**Extracted records**
_ _ _ _ _ _ _
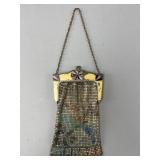 Mesh Handbag with Painted Floral Design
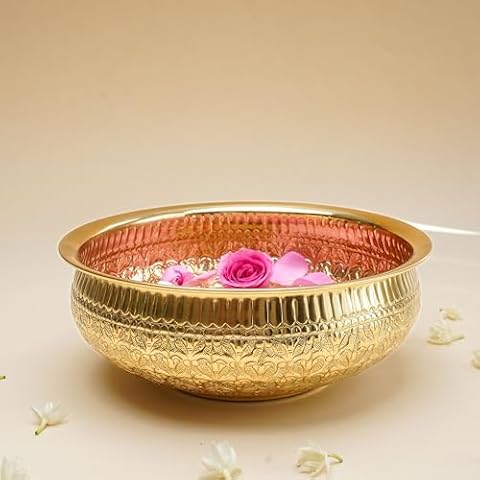 BEHOMA Classic Chitai Design Urli Bowl for Home Decor, Brass Embossed Round Tray for Living Room Dining Office Center Table Decoration Festival, Golden Finish, 10.2 Inches Cover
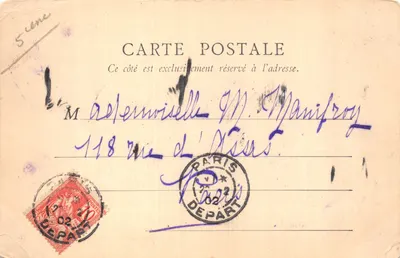 Rue Soufflot - Le Panthéon — vue de la place avec éditeur B.F. Paris n°80 — Verso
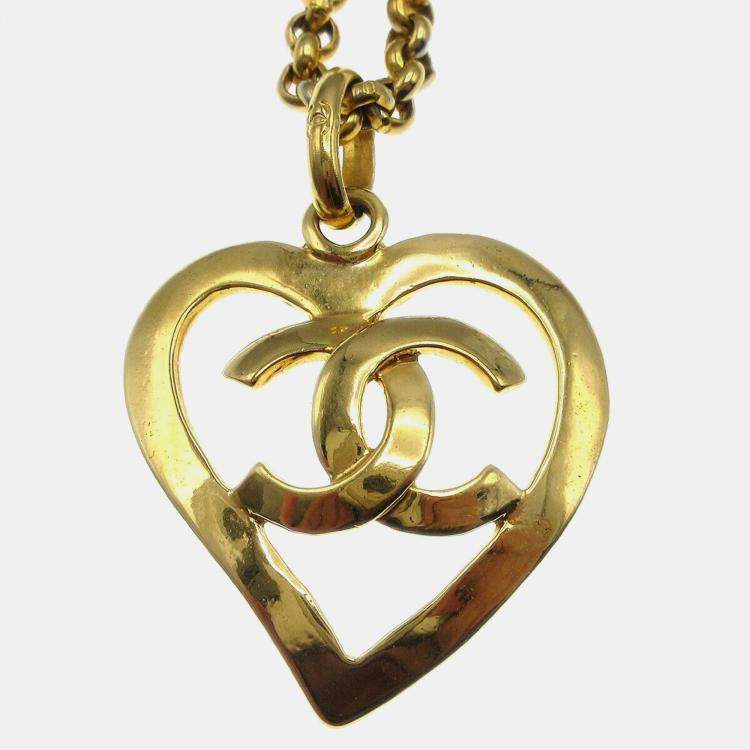 مملوكة مسبقًا Chanel Heart Chain Pendant Necklace Gold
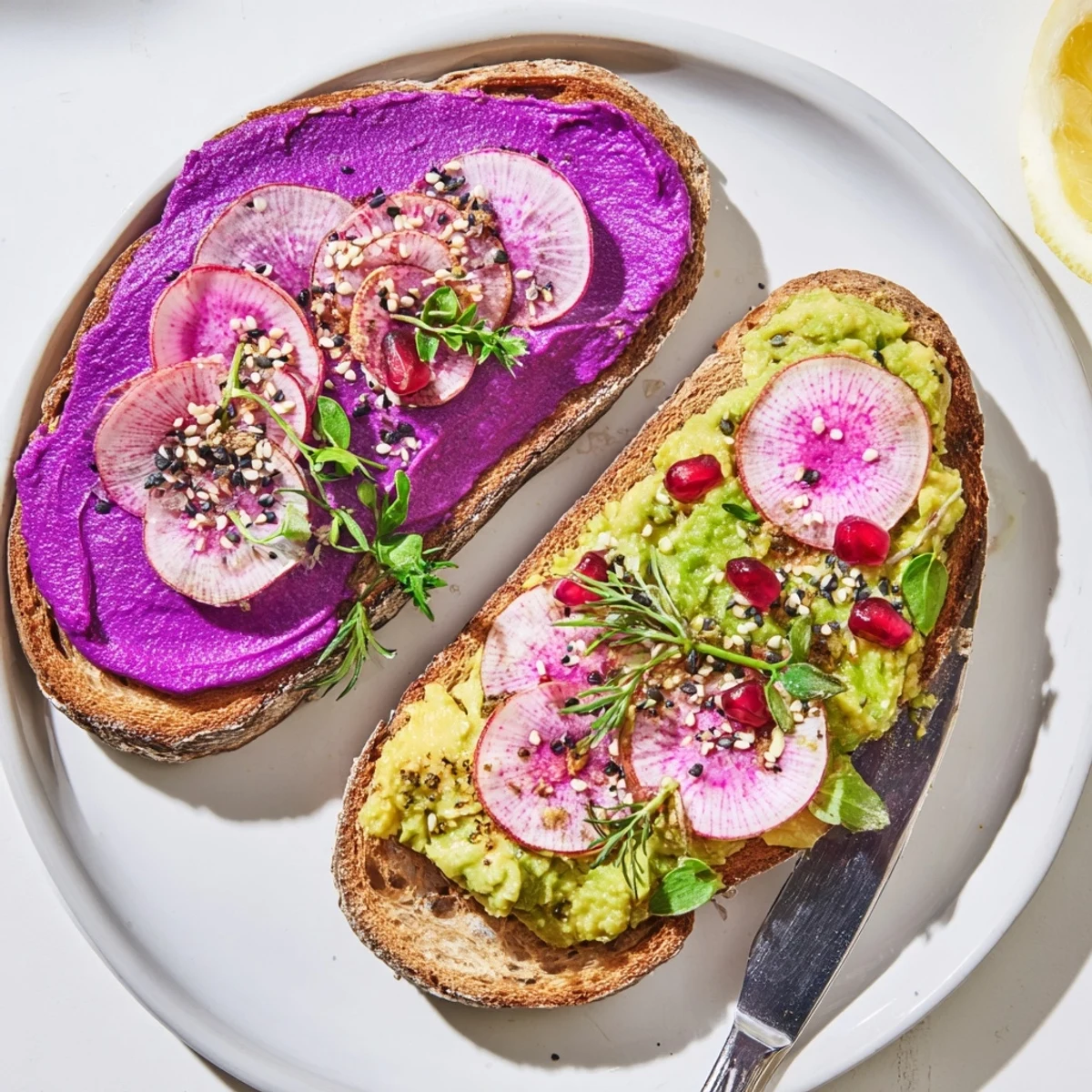 Colorful breakfast toasts featuring creamy ube, avocado, and crunchy pomegranate seeds.  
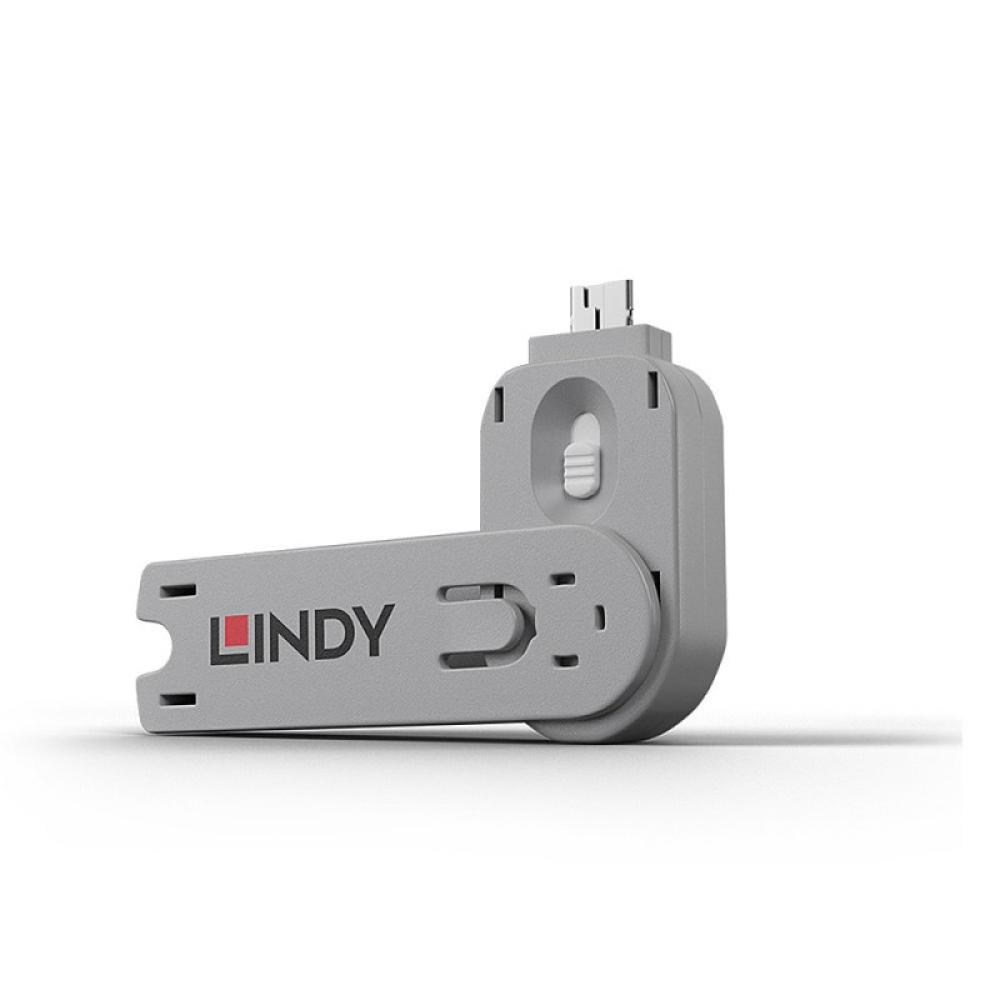 Lindy - 40624 bloqueador de puerto Llave de bloqueador de puerto USB tipo A Blanco Acrilonitrilo butadieno estireno (ABS) 1 piez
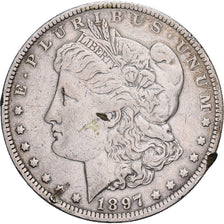 Estados Unidos, Dollar, Morgan Dollar, 1897, U.S. Mint, Plata, BC+, KM:110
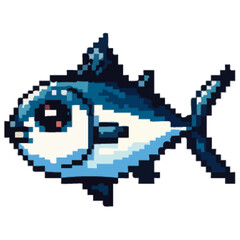 Obraz premium Adorable pixel art depiction of a bluefin tuna, swimming playfully.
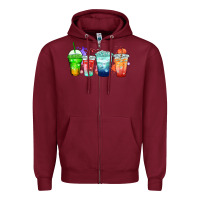Burgundy tea junkie coffee cups Zipper Hoodie - Zillion Design Studio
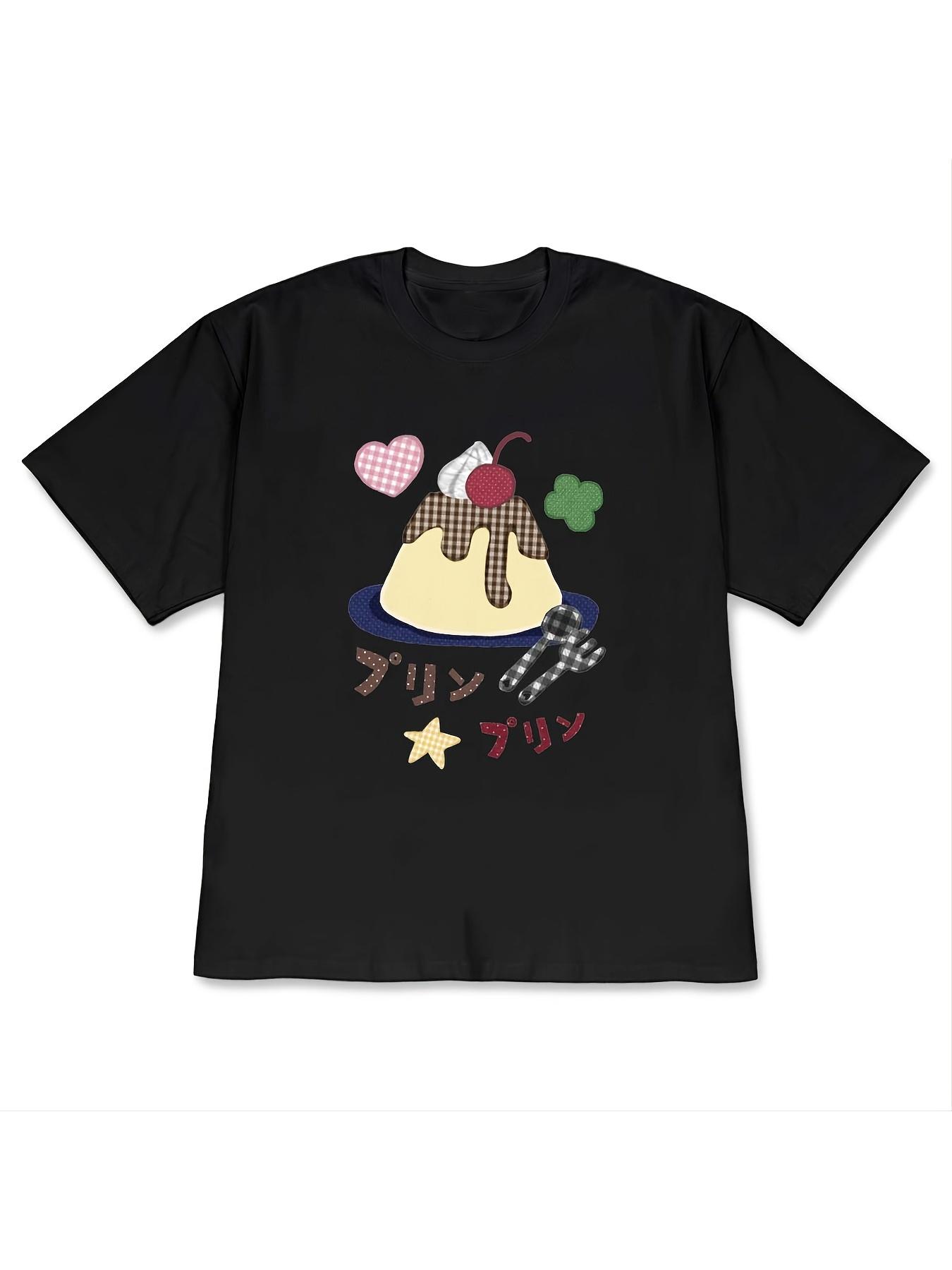 

Cute Japanese Pudding Purin Graphic T Shirt WOMEN Unisex Summer Short Sleeve Kawaii Harajuku Casual Tee Tops Fashion Tshirt 4XL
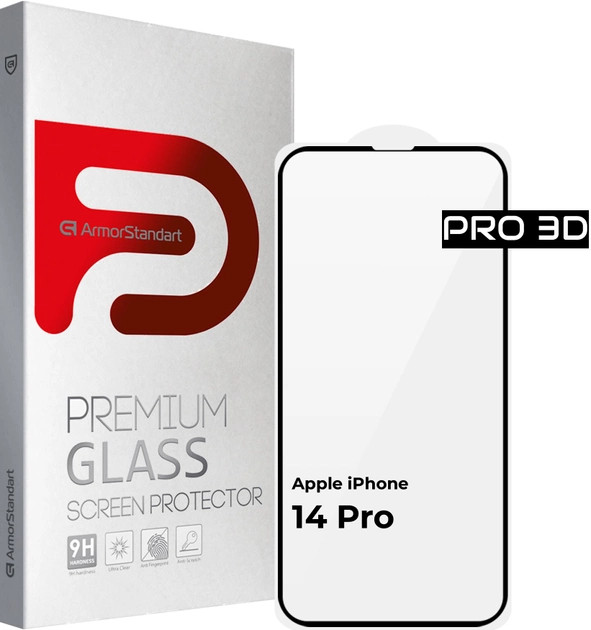 Защитное стекло Armorstandart Pro for Apple iPhone 14 Pro Black, 3D (ARM66355)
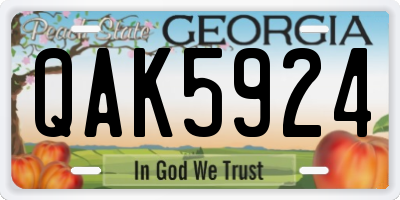 GA license plate QAK5924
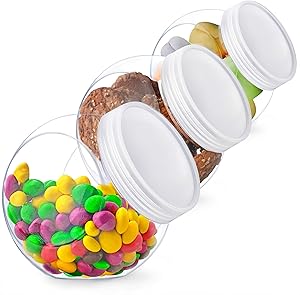 Candy Jar, Candy Jars with Lids, Cookie Jar for Kitchen Counter, Plastic Candy Jars for Candy Buffet and Party Table, Candy Buffet Containers, Cookie Jars with Lids Set, Candy Holder, Clear Plastic Jars with Lids, 3 Pack, 48 oz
_ _ _ _ _ _ _
Your task is to restate word for word the lines from the line holding "Burgundy tea junkie" through the final line of the listing, both included, but none of the pictures.

**Output for this task**
Burgundy tea junkie coffee cups Zipper Hoodie - Zillion Design Studio

Cute Japanese Pudding Purin Graphic T Shirt WOMEN Unisex Summer Short Sleeve Kawaii Harajuku Casual Tee Tops Fashion Tshirt 4XL
 Защитное стекло Armorstandart Pro for Apple iPhone 14 Pro Black, 3D (ARM66355)
 GA license plate QAK5924
 Candy Jar, Candy Jars with Lids, Cookie Jar for Kitchen Counter, Plastic Candy Jars for Candy Buffet and Party Table, Candy Buffet Containers, Cookie Jars with Lids Set, Candy Holder, Clear Plastic Jars with Lids, 3 Pack, 48 oz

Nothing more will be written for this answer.